_ACTION ITEM_
Restate word for word the lines of the entries below, starting with the line that holds "A student tells" and ending with the line that holds "laundry area with", and no others.

_RECORDS FOR THE EXERCISE_
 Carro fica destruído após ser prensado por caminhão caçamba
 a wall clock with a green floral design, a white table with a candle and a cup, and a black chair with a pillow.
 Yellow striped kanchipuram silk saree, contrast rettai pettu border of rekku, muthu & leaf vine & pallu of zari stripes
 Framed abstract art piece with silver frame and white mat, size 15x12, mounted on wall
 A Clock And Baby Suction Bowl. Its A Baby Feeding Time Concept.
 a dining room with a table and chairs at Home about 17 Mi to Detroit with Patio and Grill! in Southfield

---

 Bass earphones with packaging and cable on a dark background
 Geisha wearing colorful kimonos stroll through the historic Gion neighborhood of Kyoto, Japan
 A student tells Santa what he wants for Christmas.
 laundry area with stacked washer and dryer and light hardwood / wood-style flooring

_FINAL ANSWER_
 A student tells Santa what he wants for Christmas.
 laundry area with stacked washer and dryer and light hardwood / wood-style flooring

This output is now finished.